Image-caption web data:

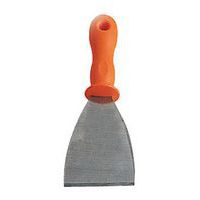 Riflard manche plastique - Mondelin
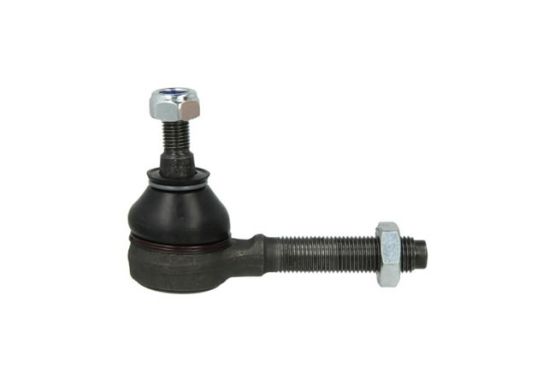 Spona leva/desna Delphi 840092210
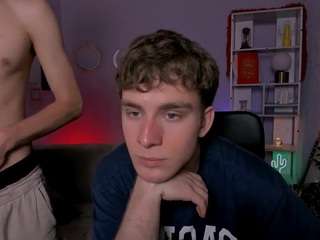 astren-villo webcam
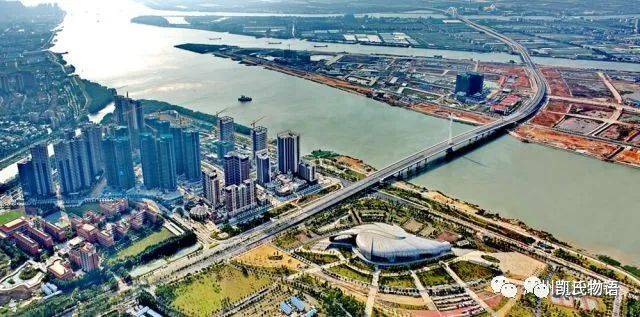 区块链巨头将在哪里诞生20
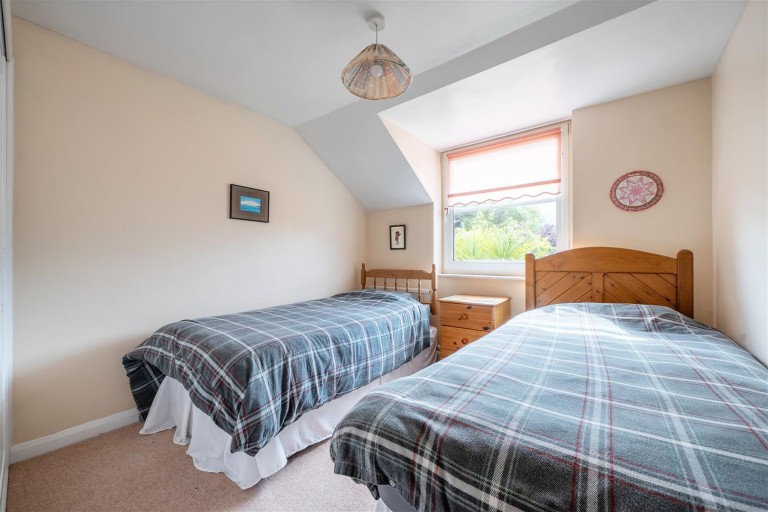 Images for Chollacott Lane, Tavistock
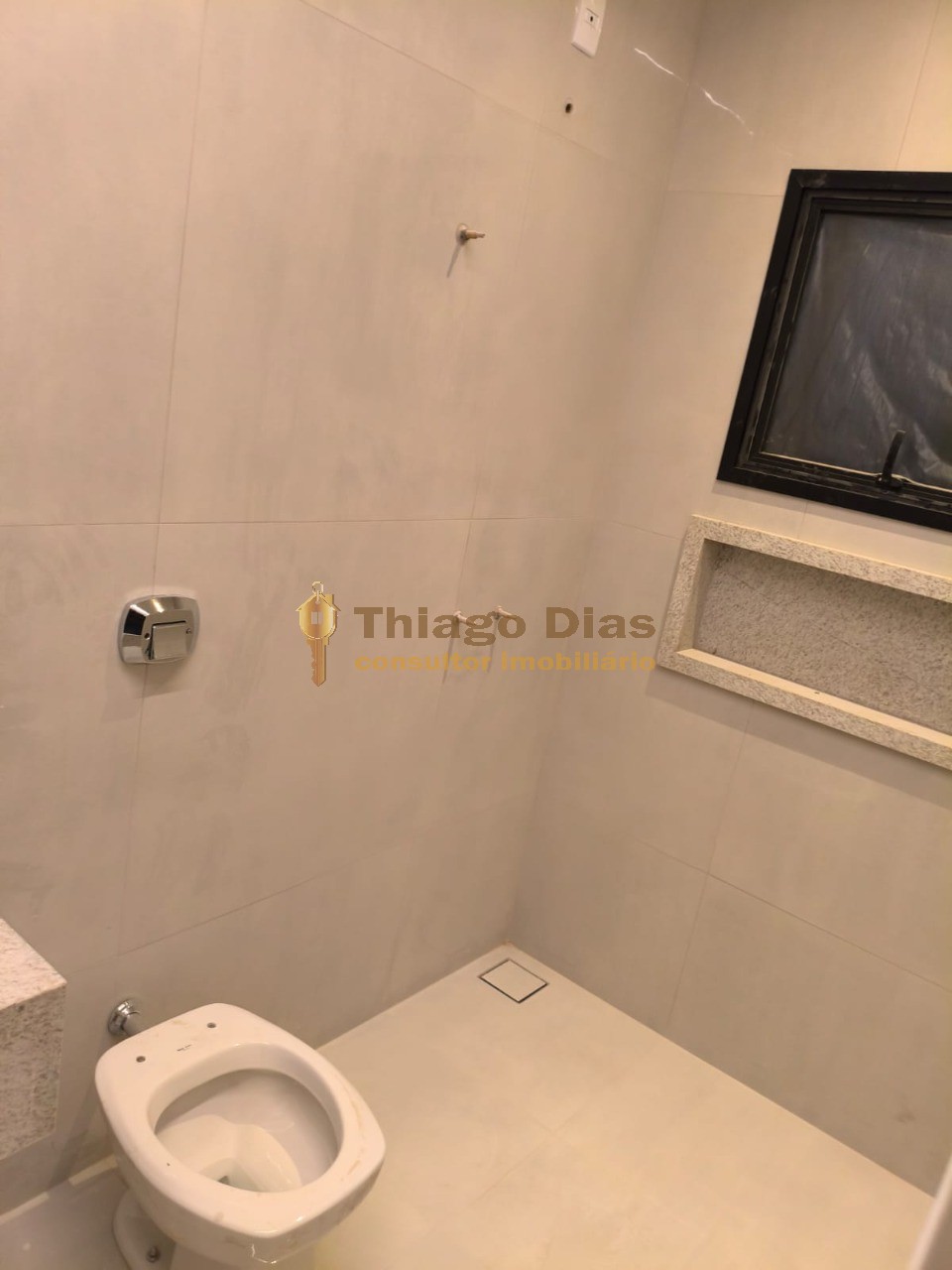 Casa, 2 quartos - Foto 7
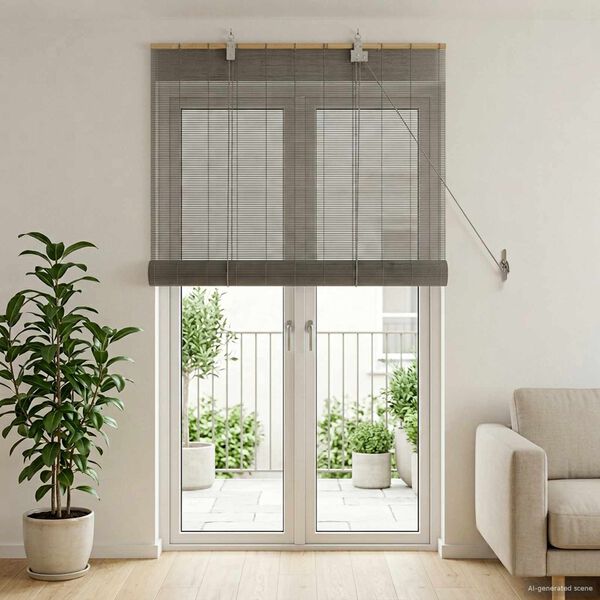 Showing Product Image 2 of 12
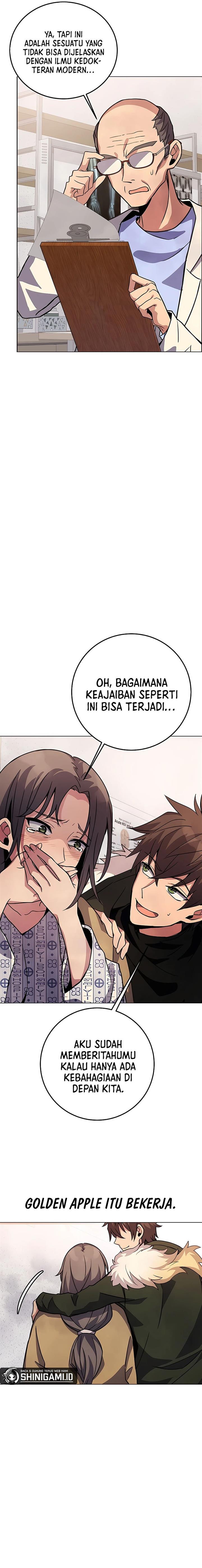Panel 16
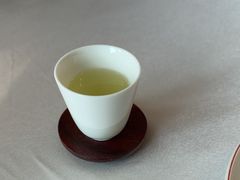 -鹿鸣酒家(越秀店)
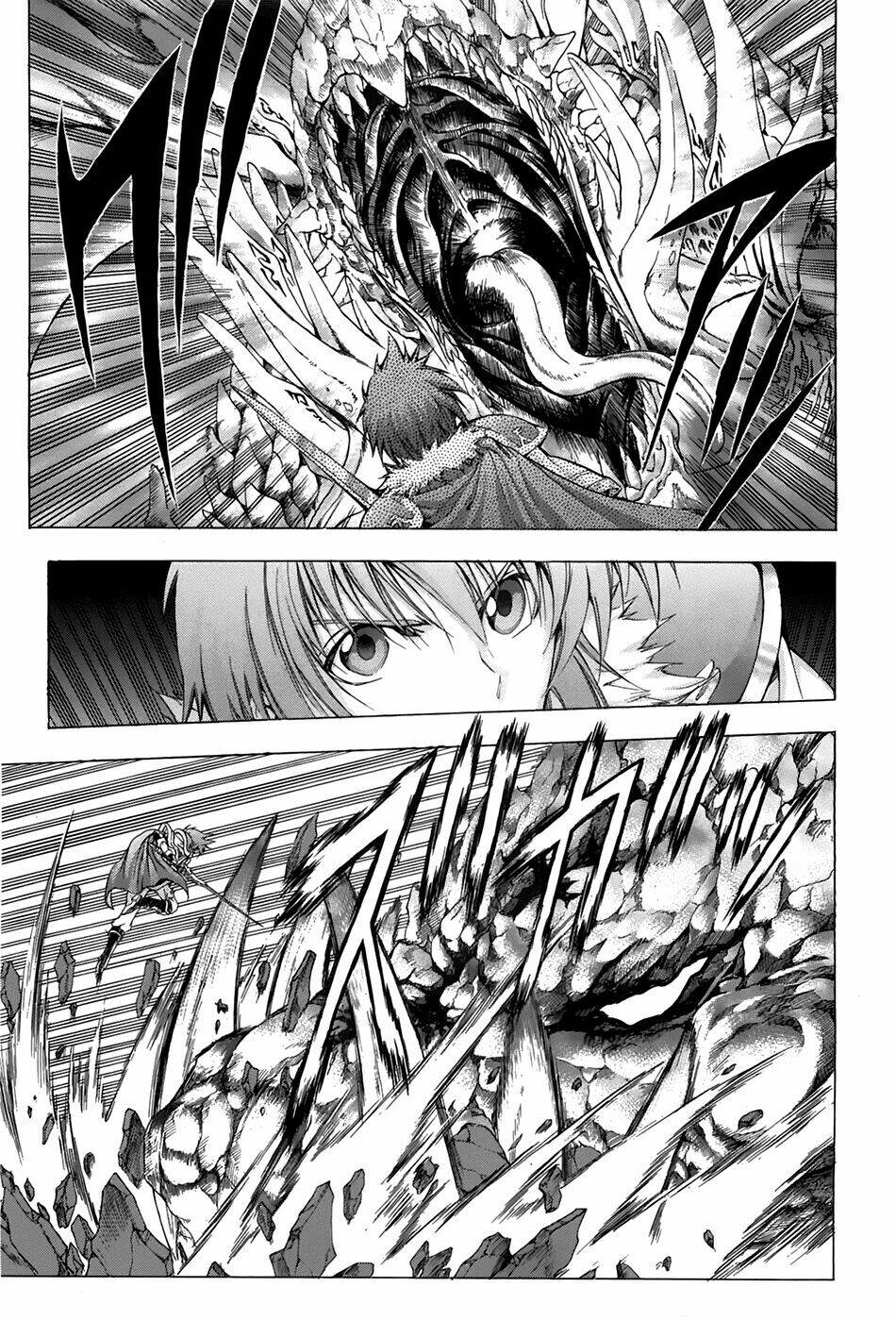 dấu ấn lửa chapter 44 8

Brief: Omit every picture, and otherwise quote the entries exactly.

Answer to the problem:
 Riflard manche plastique - Mondelin
 Spona leva/desna Delphi 840092210
 astren-villo webcam
 区块链巨头将在哪里诞生20
 Images for Chollacott Lane, Tavistock
 Casa, 2 quartos - Foto 7
 Showing Product Image 2 of 12
Panel 16
 -鹿鸣酒家(越秀店)
 dấu ấn lửa chapter 44 8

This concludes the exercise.